La pasión por libertad individual y "la justicia de carne y hueso" -como él la llamaba- guió la sección "La Columna" de Benavides en La Nación a través de tiempos difíciles. Con estilo directo, irónico, desnudo de retórica, ejerció la crítica puntual de varios regímenes (sobre todo, según entiendo, el de Carazo). Allí también insistió en proponer reformas y afinamientos al sistema penal de su país. Alma gemela de la lucha que algunos escritores mexicanos libraban en las revistas Plural y Vuelta, el ensayista costarricense criticó lo mismo a los centuriones chilenos y argentinos que a las guerrillas marxistas de Nicaragua y El Salvador. Por su postura sufrió los mismos anatemas que fueron comunes en el ámbito intelectual mexicano en los años ochenta. Por desgracia, Benavides no pudo vivir el año de 1989, cuando la democracia y la libertad triunfaron en todo el orbe y las pacíficas filas de votantes terminaron por destruir el mito revolucionario en la convulsa región centroamericana. Como México en el siglo XVI, Costa Rica tuvo la fortuna de nacer orientada por el proyecto espiritual de unos cuantos educadores, pero el ejemplo de los pedagogos racionales que profesaron en Costa Rica a fines del siglo XIX y principios del XX, preparó mejor a ese país para la modernidad. Benavides provenía de ese tronco y creía en ese evangelio: "América Latina seguirá de tumbo en tumbo, de dictadura en dictadura con igual desventura y pobreza si no se le inyecta la mística de una disciplina de trabajo y responsabilidad individual y colectiva". ¿Cuándo llegará a México, país enfermo de demagogia, a adoptar un proyecto así?

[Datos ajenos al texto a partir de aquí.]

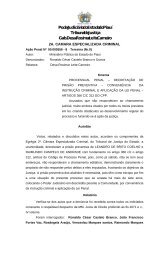 Poder Judiciário do Estado do Piauí Tribunal de Justiça Gab. Desa ...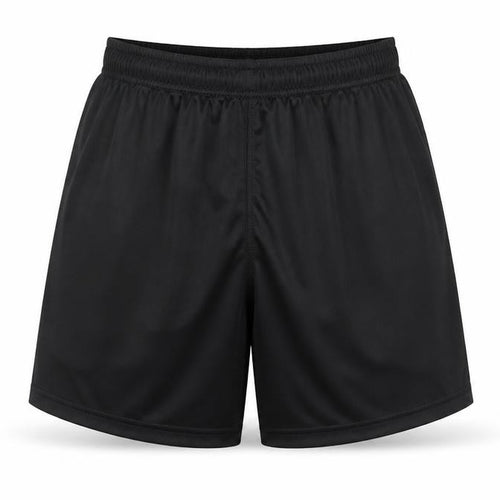 O'Neills Boys Black Athletic Football Shorts 10-11 Years Polyester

El amanecer realzaba el marco montañoso de la ciudad y su atmósfera transparente. Como reflejo de esa misma limpidez, la gente respira un aire de civilidad. Costa Rica es la mejor prueba de que los países del tronco ibérico pueden ejercer la democracia. Qué bueno que se consolide, con equilibrio, sensatez y humildad. ¡Qué dicha!